Yeah, this is still a bit of a mystery. All I can see is that the loop calls longjmp once per loop, and this can interfere with signal handling, but not for very long so that's not likely a problem. And the longjmp doesn't go away with this patch either, nor do I see why it would make a difference.

comment:10 Changed 4 years ago by vbraun

  • Reviewers set to Volker Braun
  • Status changed from needs_review to positive_review

Since its an upstream patch anyways we should probably merge it even if we don't 100% understand where the timing issue comes from...

comment:11 Changed 4 years ago by vbraun

  • Branch changed from u/embray/ticket-23011 to baff40c20ce89086b21633e27c05211cd28e868e
  • Resolution set to fixed
  • Status changed from positive_review to closed

comment:12 Changed 4 years ago by embray

  • Commit baff40c20ce89086b21633e27c05211cd28e868e deleted

Thanks, and I agree. I just wish I understood better; it's quite mysterious.
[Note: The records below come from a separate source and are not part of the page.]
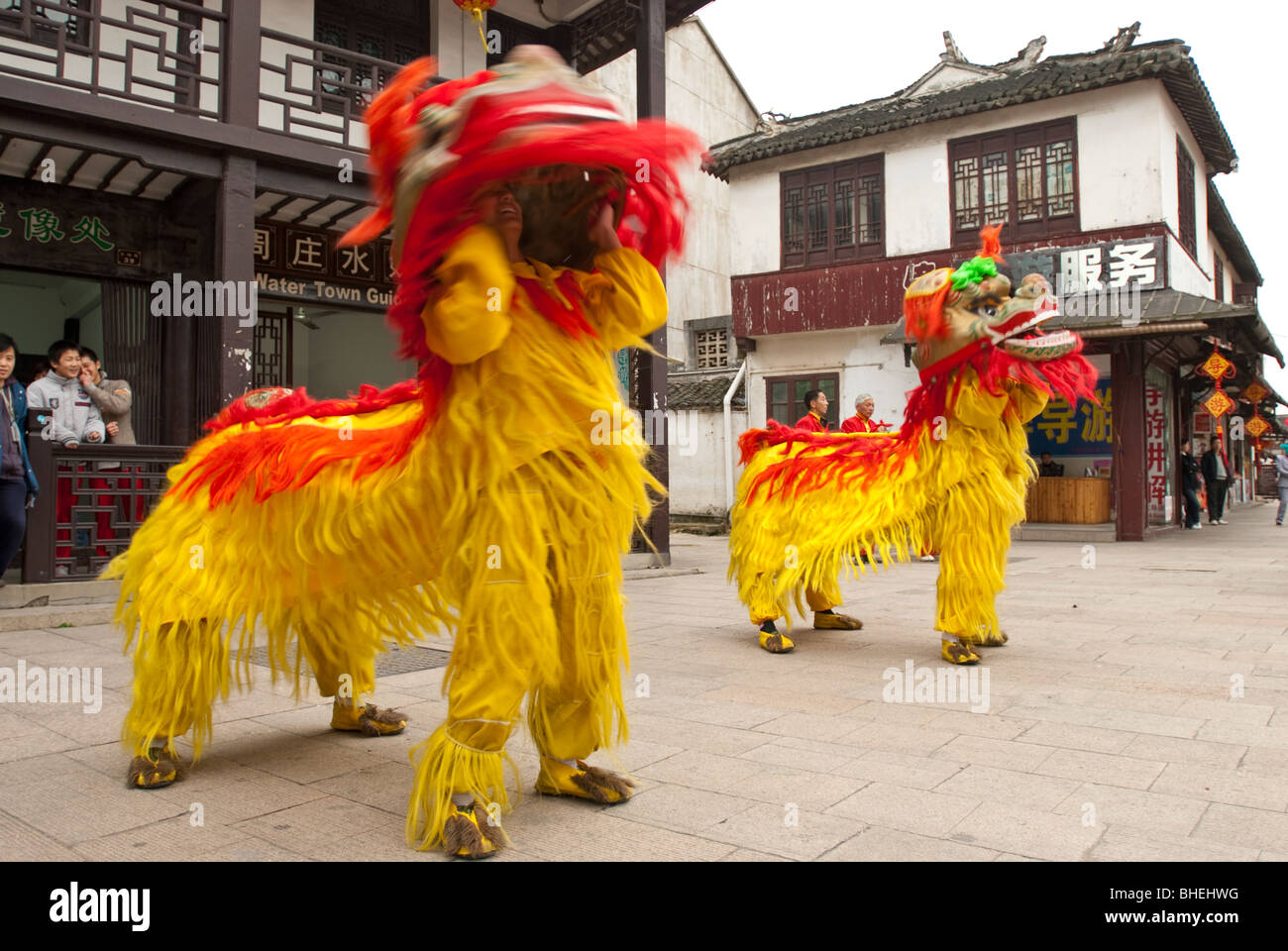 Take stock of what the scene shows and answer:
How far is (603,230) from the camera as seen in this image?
2457mm

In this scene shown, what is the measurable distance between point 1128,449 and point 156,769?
13.2 metres

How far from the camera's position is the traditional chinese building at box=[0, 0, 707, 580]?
709 centimetres

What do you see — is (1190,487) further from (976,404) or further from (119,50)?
(119,50)

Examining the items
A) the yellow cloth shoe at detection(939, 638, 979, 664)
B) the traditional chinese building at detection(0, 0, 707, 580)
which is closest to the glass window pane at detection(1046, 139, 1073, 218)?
the traditional chinese building at detection(0, 0, 707, 580)

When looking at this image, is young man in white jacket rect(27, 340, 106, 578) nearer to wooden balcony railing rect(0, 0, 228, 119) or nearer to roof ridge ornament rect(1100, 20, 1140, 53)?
wooden balcony railing rect(0, 0, 228, 119)

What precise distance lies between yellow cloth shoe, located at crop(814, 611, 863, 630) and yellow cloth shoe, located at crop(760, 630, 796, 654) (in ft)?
2.59

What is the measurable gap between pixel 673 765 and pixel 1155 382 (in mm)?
14677

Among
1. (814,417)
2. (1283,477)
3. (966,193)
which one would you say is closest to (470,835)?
(814,417)

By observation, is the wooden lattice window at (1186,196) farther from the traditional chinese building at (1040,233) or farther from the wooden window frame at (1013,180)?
the wooden window frame at (1013,180)

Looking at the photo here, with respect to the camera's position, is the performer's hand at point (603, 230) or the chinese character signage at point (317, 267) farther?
the chinese character signage at point (317, 267)

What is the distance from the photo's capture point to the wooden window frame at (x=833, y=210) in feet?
48.9

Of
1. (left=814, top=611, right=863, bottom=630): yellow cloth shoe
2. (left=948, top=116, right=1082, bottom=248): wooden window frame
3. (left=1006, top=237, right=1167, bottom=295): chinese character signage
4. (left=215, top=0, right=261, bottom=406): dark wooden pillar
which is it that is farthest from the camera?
(left=948, top=116, right=1082, bottom=248): wooden window frame

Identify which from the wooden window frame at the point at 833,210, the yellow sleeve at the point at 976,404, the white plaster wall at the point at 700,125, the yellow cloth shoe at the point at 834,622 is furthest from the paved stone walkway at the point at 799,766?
the white plaster wall at the point at 700,125

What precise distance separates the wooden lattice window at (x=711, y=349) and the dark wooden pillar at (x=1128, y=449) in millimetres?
7691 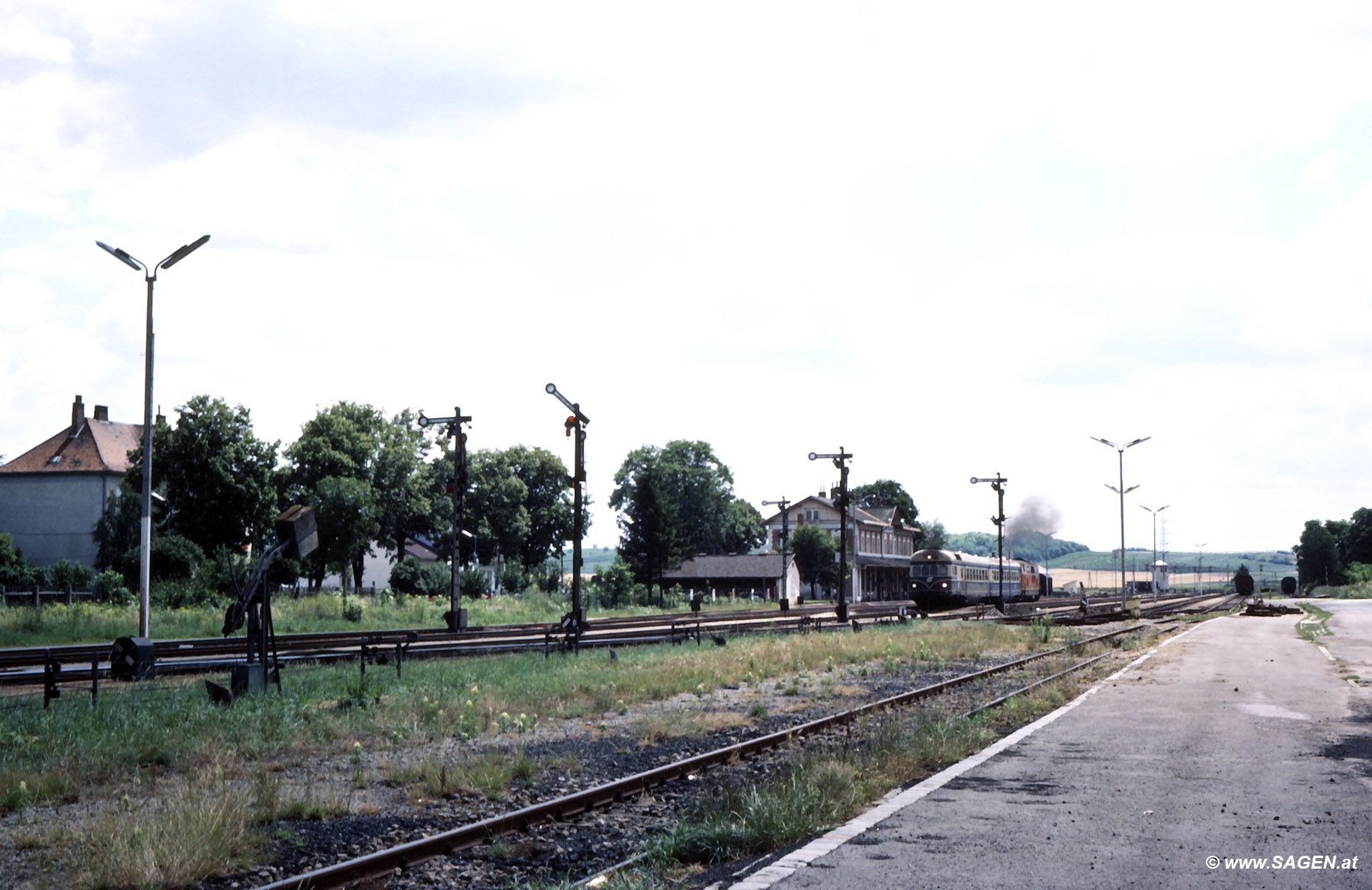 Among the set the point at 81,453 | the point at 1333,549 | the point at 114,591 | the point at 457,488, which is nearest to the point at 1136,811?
the point at 457,488

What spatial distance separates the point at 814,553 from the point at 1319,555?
94.6 m

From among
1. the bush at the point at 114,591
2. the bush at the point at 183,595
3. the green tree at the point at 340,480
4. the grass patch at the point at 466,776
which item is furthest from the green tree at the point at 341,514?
the grass patch at the point at 466,776

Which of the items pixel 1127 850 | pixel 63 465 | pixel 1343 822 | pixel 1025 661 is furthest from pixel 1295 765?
pixel 63 465

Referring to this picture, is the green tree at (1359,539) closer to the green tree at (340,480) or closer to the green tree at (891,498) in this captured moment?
→ the green tree at (891,498)

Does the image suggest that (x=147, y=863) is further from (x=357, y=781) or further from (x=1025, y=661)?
(x=1025, y=661)

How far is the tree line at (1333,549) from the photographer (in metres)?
129

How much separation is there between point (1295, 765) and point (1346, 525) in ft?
525

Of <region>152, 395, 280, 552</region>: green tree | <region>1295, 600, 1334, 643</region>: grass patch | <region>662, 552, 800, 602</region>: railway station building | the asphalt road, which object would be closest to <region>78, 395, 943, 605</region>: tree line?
<region>152, 395, 280, 552</region>: green tree

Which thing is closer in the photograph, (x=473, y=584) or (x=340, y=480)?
(x=473, y=584)

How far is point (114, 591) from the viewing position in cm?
4244

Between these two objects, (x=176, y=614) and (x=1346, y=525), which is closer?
(x=176, y=614)

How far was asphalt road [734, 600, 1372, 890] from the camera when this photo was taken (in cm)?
722

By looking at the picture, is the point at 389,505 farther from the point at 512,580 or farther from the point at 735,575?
the point at 735,575

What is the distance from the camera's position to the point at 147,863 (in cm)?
746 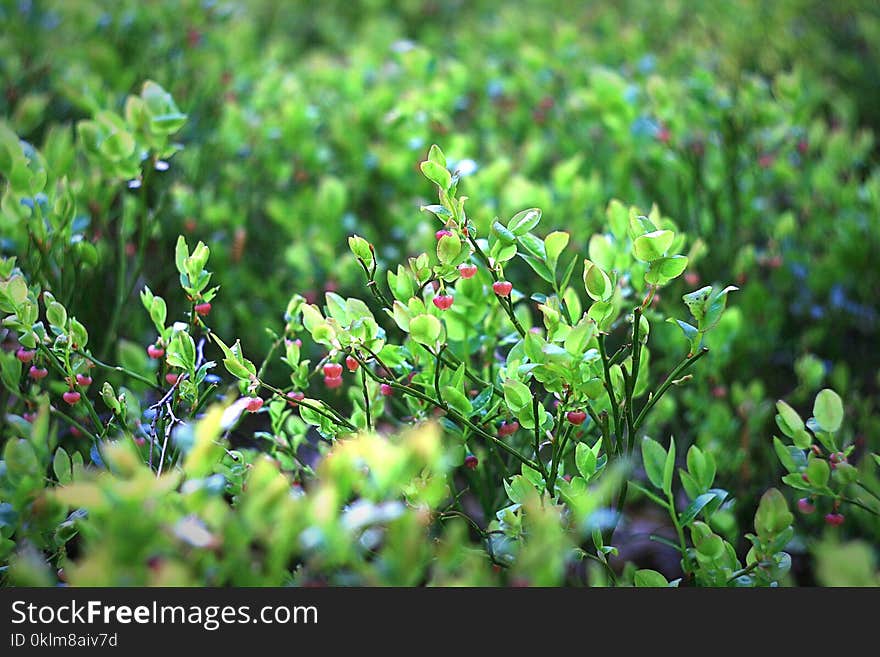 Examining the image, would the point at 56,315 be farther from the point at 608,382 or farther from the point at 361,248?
the point at 608,382

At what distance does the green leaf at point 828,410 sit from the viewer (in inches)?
37.4

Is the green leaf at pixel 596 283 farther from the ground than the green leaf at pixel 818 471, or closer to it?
farther from the ground

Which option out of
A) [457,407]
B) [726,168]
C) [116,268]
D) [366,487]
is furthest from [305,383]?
[726,168]

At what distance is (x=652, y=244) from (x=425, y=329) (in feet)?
0.89

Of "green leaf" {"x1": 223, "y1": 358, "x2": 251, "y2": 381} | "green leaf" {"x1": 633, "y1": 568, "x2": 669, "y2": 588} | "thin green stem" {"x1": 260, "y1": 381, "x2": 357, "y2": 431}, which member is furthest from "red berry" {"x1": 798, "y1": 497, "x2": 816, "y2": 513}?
"green leaf" {"x1": 223, "y1": 358, "x2": 251, "y2": 381}

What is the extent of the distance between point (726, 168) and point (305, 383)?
1.23 meters

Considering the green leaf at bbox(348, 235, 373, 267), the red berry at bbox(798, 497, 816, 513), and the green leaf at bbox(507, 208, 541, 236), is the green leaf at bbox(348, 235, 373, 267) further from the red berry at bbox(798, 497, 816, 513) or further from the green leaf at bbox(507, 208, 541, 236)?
the red berry at bbox(798, 497, 816, 513)

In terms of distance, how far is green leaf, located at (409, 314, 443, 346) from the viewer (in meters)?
0.89

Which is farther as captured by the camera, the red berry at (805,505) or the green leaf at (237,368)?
the red berry at (805,505)

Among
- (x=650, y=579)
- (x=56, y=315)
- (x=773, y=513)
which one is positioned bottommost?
(x=650, y=579)

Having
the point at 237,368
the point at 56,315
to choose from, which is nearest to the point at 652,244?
the point at 237,368

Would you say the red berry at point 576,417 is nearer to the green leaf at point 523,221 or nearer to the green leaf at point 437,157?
the green leaf at point 523,221

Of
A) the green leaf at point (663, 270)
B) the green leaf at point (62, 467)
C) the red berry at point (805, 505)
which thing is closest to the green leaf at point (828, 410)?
the red berry at point (805, 505)

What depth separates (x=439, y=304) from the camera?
96cm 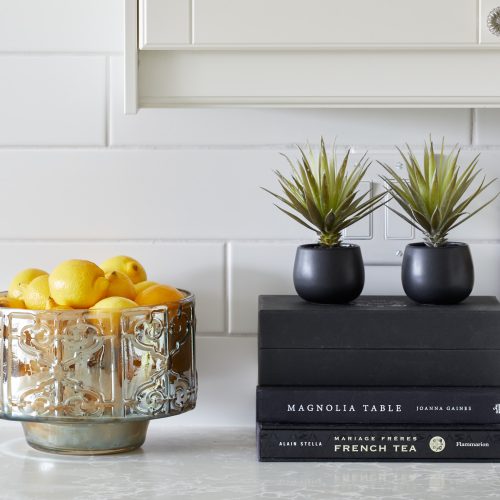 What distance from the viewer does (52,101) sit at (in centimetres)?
139

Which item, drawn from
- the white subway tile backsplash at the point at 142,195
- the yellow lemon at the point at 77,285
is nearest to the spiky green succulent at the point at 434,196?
the white subway tile backsplash at the point at 142,195

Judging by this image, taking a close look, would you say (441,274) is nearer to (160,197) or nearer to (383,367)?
(383,367)

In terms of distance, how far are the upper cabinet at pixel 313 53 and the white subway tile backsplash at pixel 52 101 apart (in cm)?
27

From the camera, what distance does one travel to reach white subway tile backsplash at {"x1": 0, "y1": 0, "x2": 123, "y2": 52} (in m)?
1.37

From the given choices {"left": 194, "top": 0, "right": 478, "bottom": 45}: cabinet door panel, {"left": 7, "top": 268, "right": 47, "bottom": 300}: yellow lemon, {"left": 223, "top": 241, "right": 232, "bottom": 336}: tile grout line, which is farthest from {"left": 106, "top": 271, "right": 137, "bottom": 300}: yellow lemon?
{"left": 194, "top": 0, "right": 478, "bottom": 45}: cabinet door panel

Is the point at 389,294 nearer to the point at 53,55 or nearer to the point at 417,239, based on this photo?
the point at 417,239

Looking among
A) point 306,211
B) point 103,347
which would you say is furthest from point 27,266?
point 306,211

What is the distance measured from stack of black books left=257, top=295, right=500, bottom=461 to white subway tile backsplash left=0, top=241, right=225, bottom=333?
0.21 m

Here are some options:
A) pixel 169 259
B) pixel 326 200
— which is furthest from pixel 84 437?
pixel 326 200

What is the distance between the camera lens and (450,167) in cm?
129

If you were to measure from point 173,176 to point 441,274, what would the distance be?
1.42 ft

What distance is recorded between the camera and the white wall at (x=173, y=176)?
138 centimetres

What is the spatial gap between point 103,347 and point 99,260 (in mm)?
267

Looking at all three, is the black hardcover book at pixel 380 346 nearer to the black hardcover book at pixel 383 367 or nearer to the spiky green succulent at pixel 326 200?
the black hardcover book at pixel 383 367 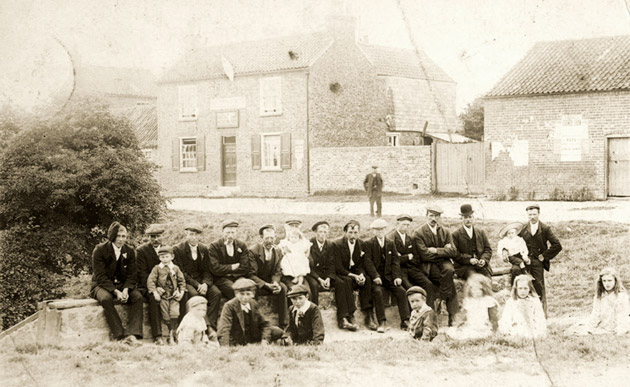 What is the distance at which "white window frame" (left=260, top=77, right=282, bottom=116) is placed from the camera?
25500 mm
comment:13 follow-up: Changed 4 years ago by dimpase

Erik, I reckon you have a branch for using a development version of ECL. If so, would you mind sharing it, I think I need to try it on #22679.

comment:14 in reply to: ↑ 13 ; follow-up: Changed 4 years ago by embray

Replying to dimpase:

Erik, I reckon you have a branch for using a development version of ECL. If so, would you mind sharing it, I think I need to try it on #22679.

I don't think I have anything exactly like that. Right now, when I want to test dev versions of packages, I just copy the build/pkgs/<pkgname> directory somewhere, and then check out the git repo into that under src/, then run ./spkg-install manually (in a sage -sh).

comment:15 in reply to: ↑ 14 Changed 4 years ago by dimpase

Replying to embray:

Replying to dimpase:

Erik, I reckon you have a branch for using a development version of ECL. If so, would you mind sharing it, I think I need to try it on #22679.

I don't think I have anything exactly like that. Right now, when I want to test dev versions of packages, I just copy the build/pkgs/<pkgname> directory somewhere, and then check out the git repo into that under src/, then run ./spkg-install manually (in a sage -sh).

Doing this with the latest snapshot I then get an error building ecl extension:

src/build/cythonized/sage/libs/ecl.c:3701:57: error: use of undeclared identifier 'ECL_OPT_TRAP_SIGCHLD'; did you mean 'ECL_OPT_TRAP_SIGILL'?

and indeed ECL_OPT_TRAP_SIGCHLD is gone, so one needs to rework the interface. Probably it was a recent change and you didn't hit it then...

Note: See TracTickets for help on using tickets.